History of enigmatic stellar system determined
Astronomers have determined the distance to and history of an enigmatic stellar system, discovering it to likely be a binary star cocooned within an exotic nebula.
Washington: Using the new 2.3-meter `Aristarchos` telescope, sited at Helmos Observatory (2340 meters high) in the Peloponnese Mountains in Greece, astronomers have determined the distance to and history of an enigmatic stellar system, discovering it to likely be a binary star cocooned within an exotic nebula.
Stars of a similar mass to the Sun end their lives by ejecting much of their outer atmosphere into space, leaving behind a remnant core that eventually becomes a so called white dwarf. The shells of ejected material sometimes have the superficial appearance of planets so were named planetary nebulae.
Astronomers can study the motion and appearance of the material in planetary nebulae to deduce how the remnant stars have changed over time.
In the 1950s the planetary nebula KjPn8 was discovered on Palomar Observatory Sky Survey plates. Follow up work in the 1990s by Mexican astronomers at the San Pedro Martir Observatory led to the discovery of giant lobes around the system, one quarter of a degree across, while in 2000 the central star was finally revealed by the Hubble Space Telescope.
Panos Boumis of the National Observatory of Athens and John Meaburn of the University of Manchester set out to study this system, installing a narrowband imaging camera on the Aristarchos telescope, the largest aperture instrument in south-eastern Europe, to measure the expansion more accurately.
By measuring the velocity and increasing size of the expanding material, the two scientists were able to deduce the distance to the system and date the history of the three ejected lobes.
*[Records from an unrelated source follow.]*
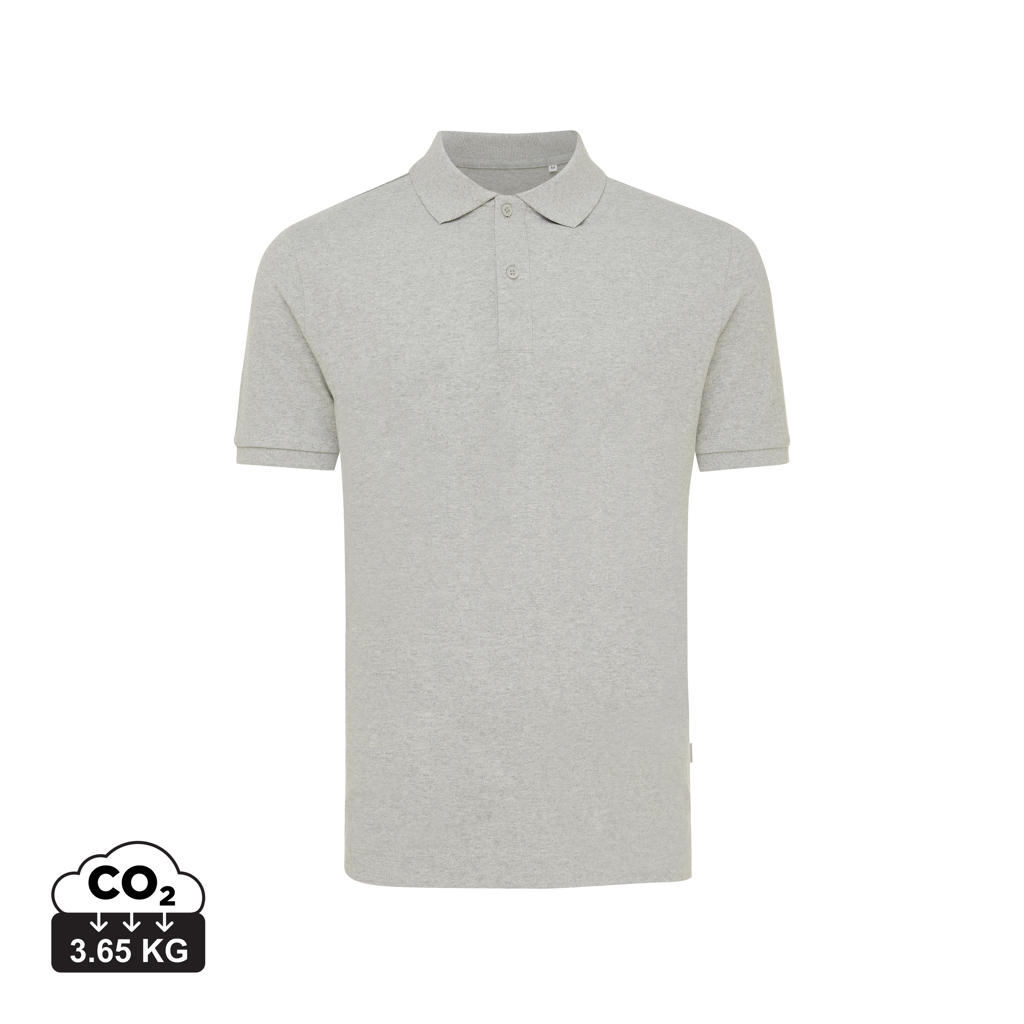 Yosemite recycled cotton pique polo, heather grey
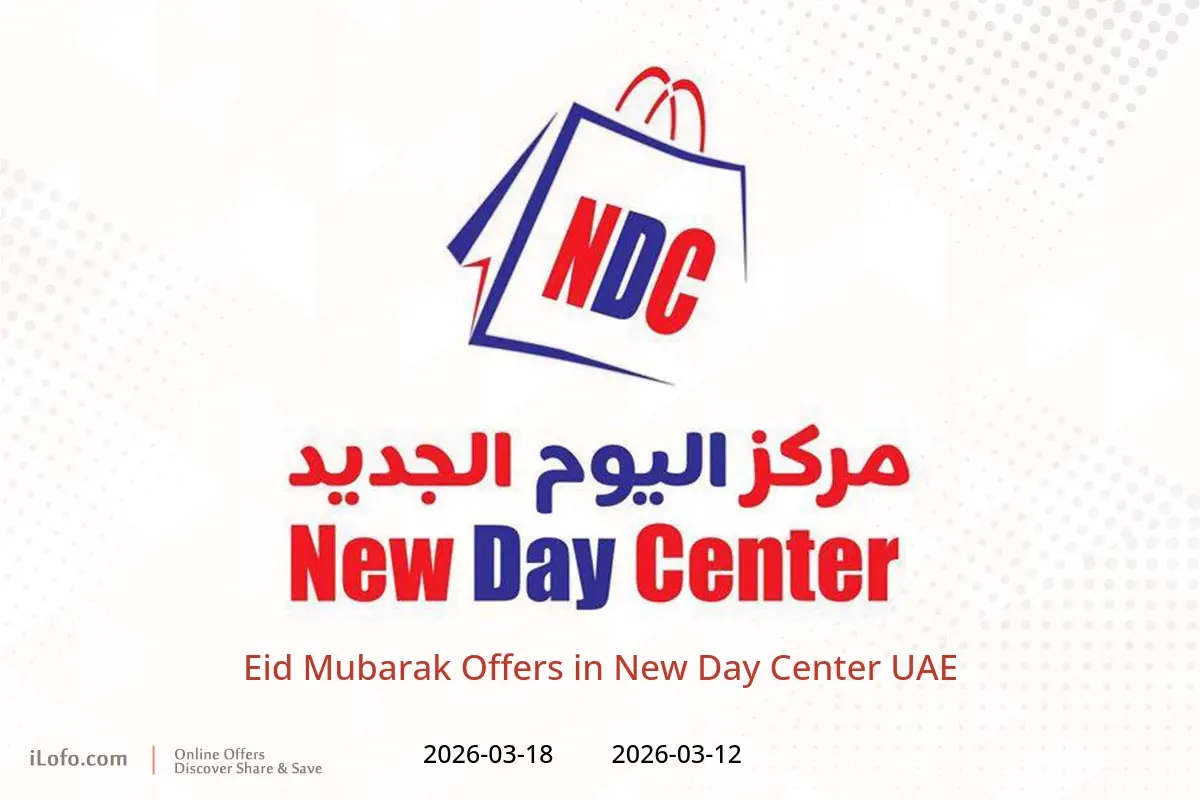New Day Center UAE offers from 12 to 18 March 2026 Eid Mubarak Offers - New Day Center - UAE - 12 March 2026 – 18 March 2026 - Page 1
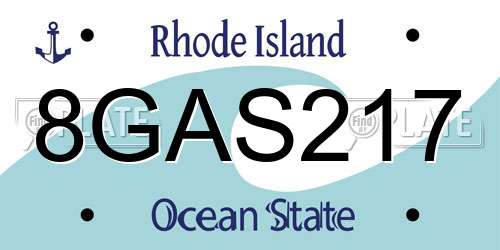 8GAS217 Rhode Island License Plate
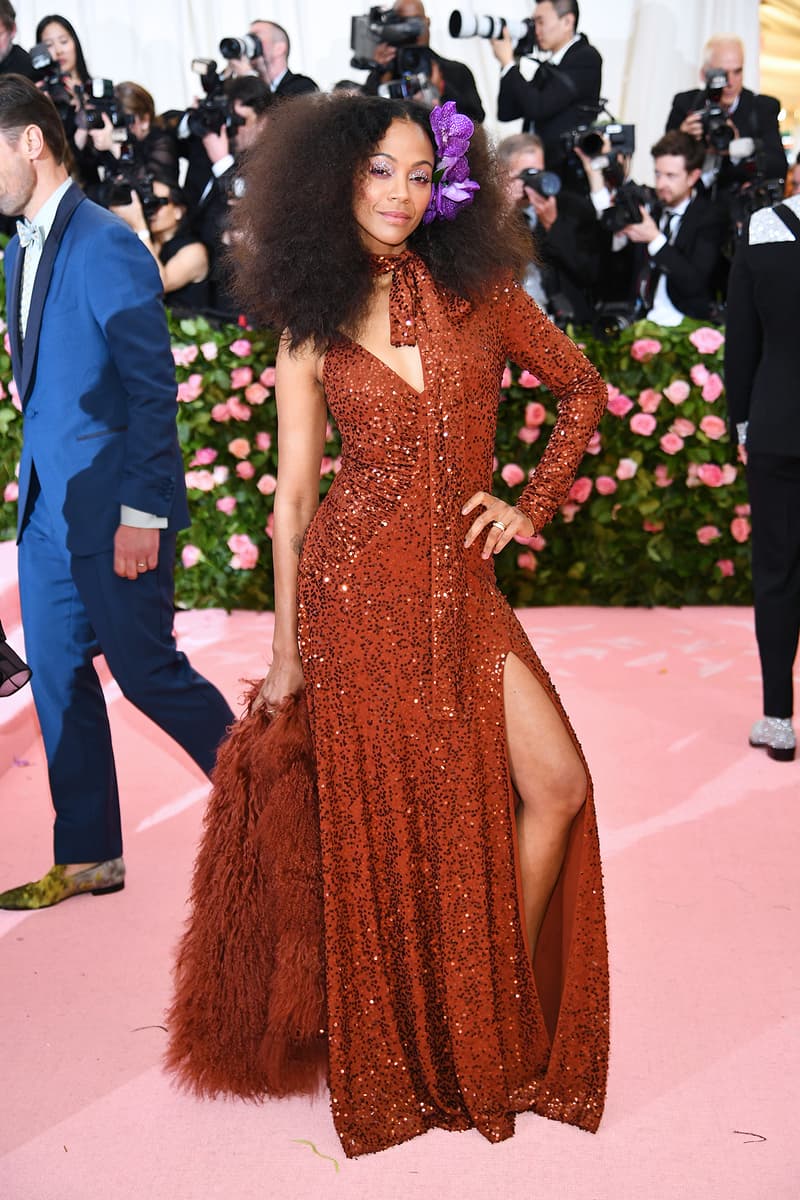 Zoe Saldana Met Gala 2019 Red Carpet Camp Notes on Fashion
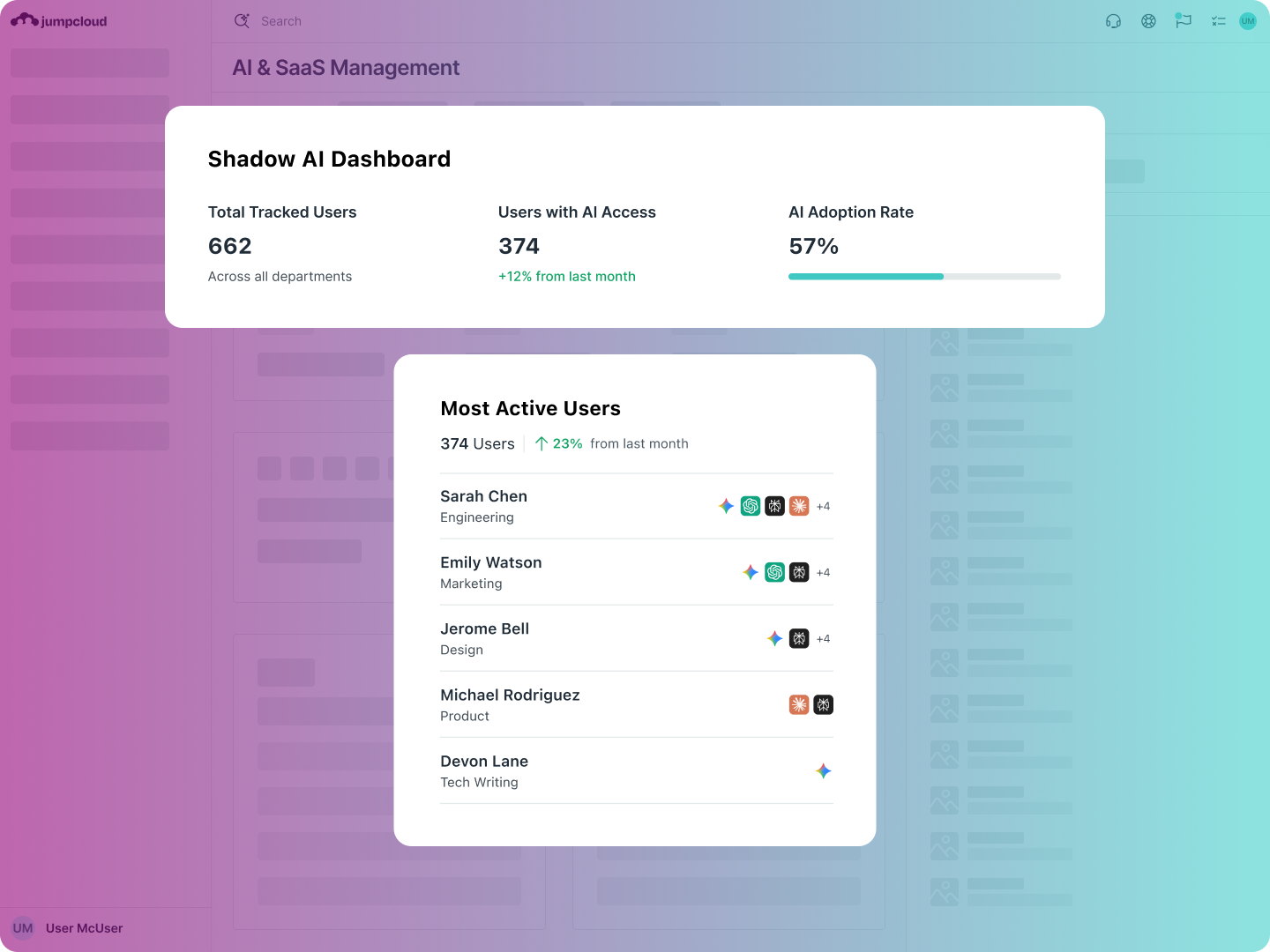 Product Screenshot - Shadow AI Overview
They found that KjPn8 is around 6,000 light-years away and that the material was thrown out in three phases 3,200, 7,200 and 50,000 years ago.
The inner lobe of material is expanding at 334 km per second, suggesting it originates in an Intermediate Luminosity Optical Transient (ILOT) event. ILOTs are caused by the transfer of material from a massive star to its less massive companion, in turn creating jets that flow in different directions.
Boumis and Meaburn believe that the core of KjPn8 is therefore a binary system, where every so often ILOT events lead to the ejection of material at high speed.
Dr. Boumis is delighted to see the first results from the new telescope giving clues to the history of such an intriguing system.
"Greece is one of the global birthplaces of astronomy, so it is fitting that research into the wider universe continues in the 21st century. With the new telescope we expect to contribute to that global effort for many years to come," he said.
The researchers published the first scientific result from the telescope in the journal Monthly Notices of the Royal Astronomical Society.